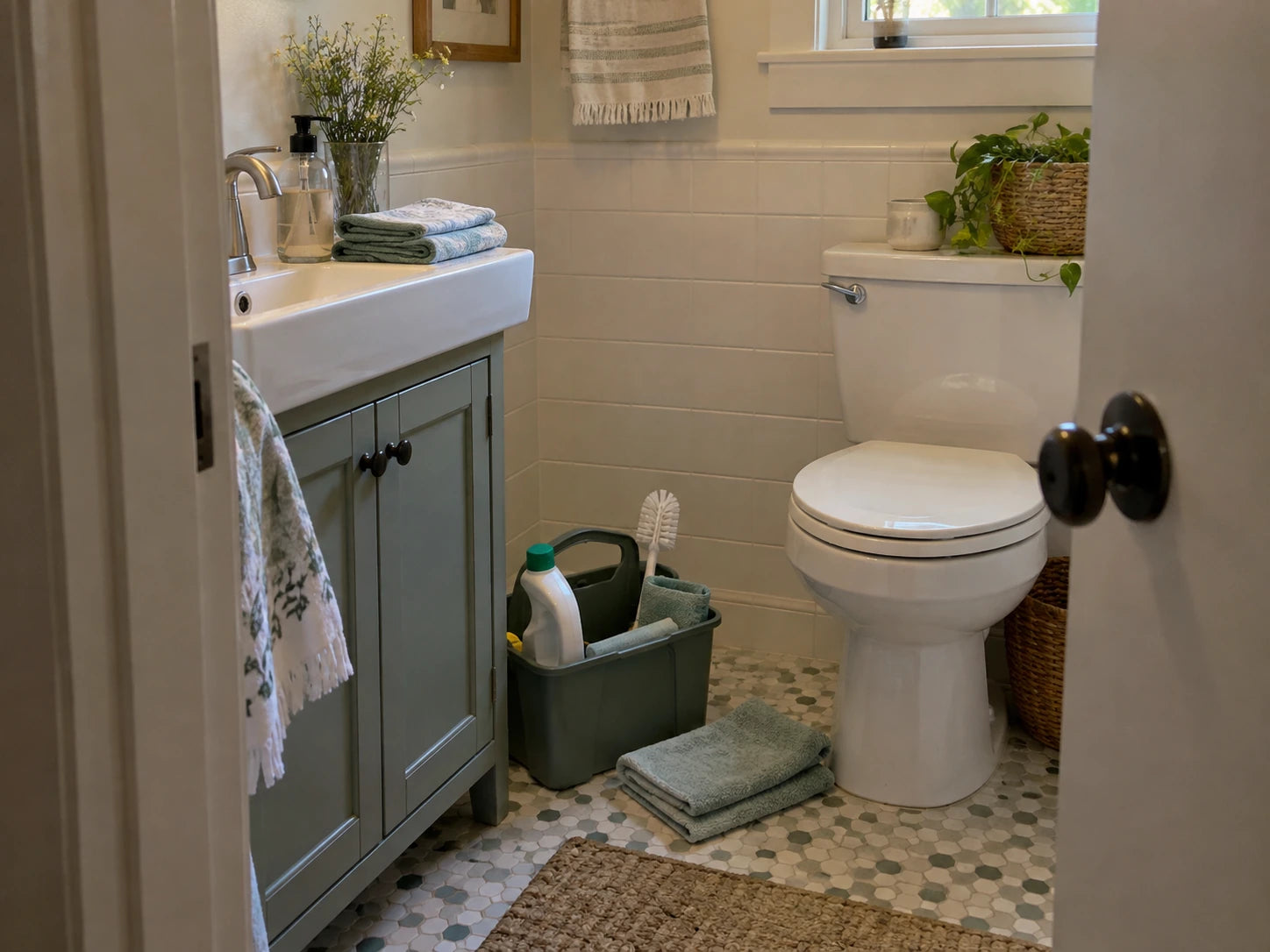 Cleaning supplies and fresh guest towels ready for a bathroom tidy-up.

...

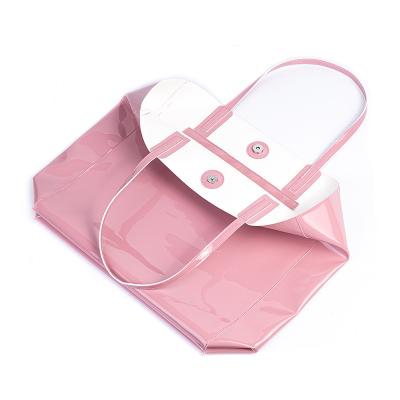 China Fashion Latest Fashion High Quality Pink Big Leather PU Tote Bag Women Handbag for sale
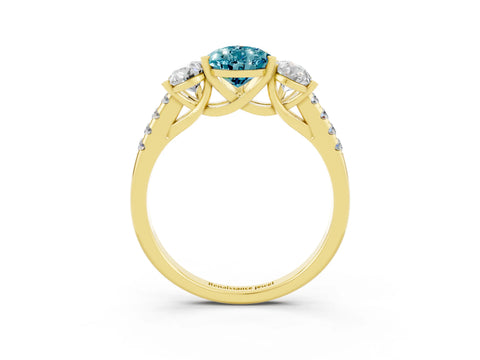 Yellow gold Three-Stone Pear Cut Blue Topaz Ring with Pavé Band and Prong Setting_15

**What is expected:** Look above for the line with "China Fashion Latest", then print it and each line after it down to and including the line with "Yellow gold Three-Stone". Leave out the pictures and keep the wording exact.

**Solved problem:**
 China Fashion Latest Fashion High Quality Pink Big Leather PU Tote Bag Women Handbag for sale
 Yellow gold Three-Stone Pear Cut Blue Topaz Ring with Pavé Band and Prong Setting_15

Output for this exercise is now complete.